I was given the following problem:
Given $$C\ge2, v_0=\sqrt C \ ,\ x_0=C\ ,\ f(x)=x''=\frac{-C}{x^2}$$ find $t>0$ satisfying $x(t)=2$.
What I did:
Using the energy equation, $\frac{x'(t)^2}{2}-\int_{x_0}^{x(s)}f(s)ds=\frac{v_0^2}{2}$, we find $x_{max}$, which implies $v=0\iff x'(t)=0$: $$0+\int_{C}^{x_{max}}\frac{C}{s^2}ds=\frac{v_0^2}{2}\\\Rightarrow x_{max}=\frac{C}{1-\frac{v_0^2}{2}}$$
And using the energy equation again we find $t^*$: $$\frac{x'(t)^2}{2}+\int_{C}^{x_{t}}\frac{C}{s^2}ds=\frac{v_0^2}{2}\iff x'(t)^2+2C(-\frac{1}{x}+1)=v_0^2 \\\iff x'(t)=\pm\sqrt{v_0^2-2C+\frac{2C}{x}} \\\Rightarrow\int_{C}^{2}\frac{dx}{\pm\sqrt{v_0^2-2C+\frac{2C}{x}}}=\int_{0}^{t^*}dt=t^*$$
Following this point I think the solution with the minus sign in the fraction is wrong, as I was asked to give a positive answer. The problem I have, is the instructions say I should encounter two equations of the form: $$\int\frac{dx}{\sqrt{\frac{a}{x}+b}}$$
$a>0$ in both equations, but $b>0$ in one equation and $b<0$ in the other.
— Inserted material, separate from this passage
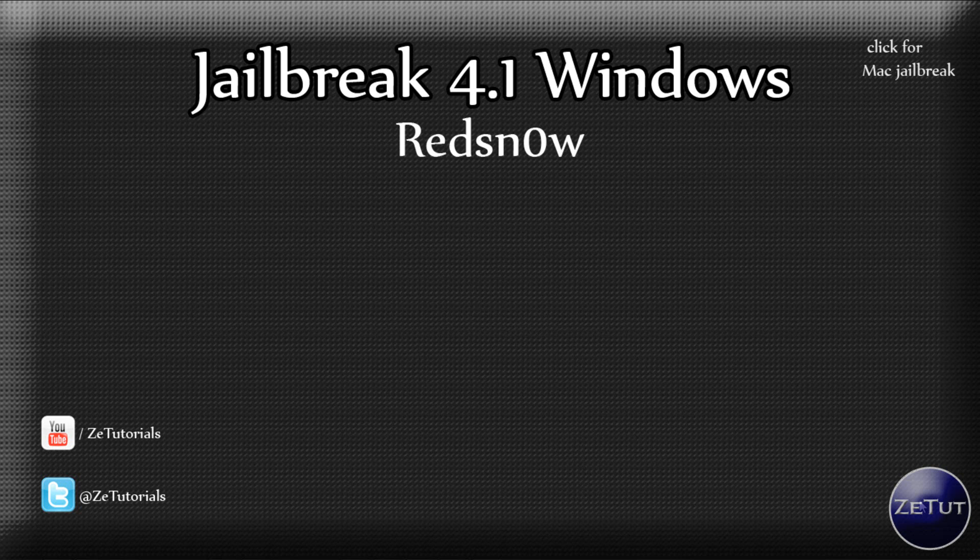So this isn't the Shatter jailbreak that everyone has been talking about, but it's RedSnow. This is released earlier than Shatter or GreenPoison but it does come with its cons, so we are going to go through that in this video.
My solution only encounters the $b<0$ version.
I get the conserved energy term as $$ E(x,v)=\frac{v^2}2-\frac{C}x $$ so that $E_0=E(x_0,v_0)=\frac C2-1>0$ and the resulting first order equation $$ x'=-\sqrt{\frac{2C}x+2E_0}=-\sqrt{\frac{2C}x+C-2} $$ (want to fall down from $x_0>2$ to $x=2$) which corresponds to your case $a>0$, $b>0$.
However, there is no positive $x_{\max}>x_0$ to be found.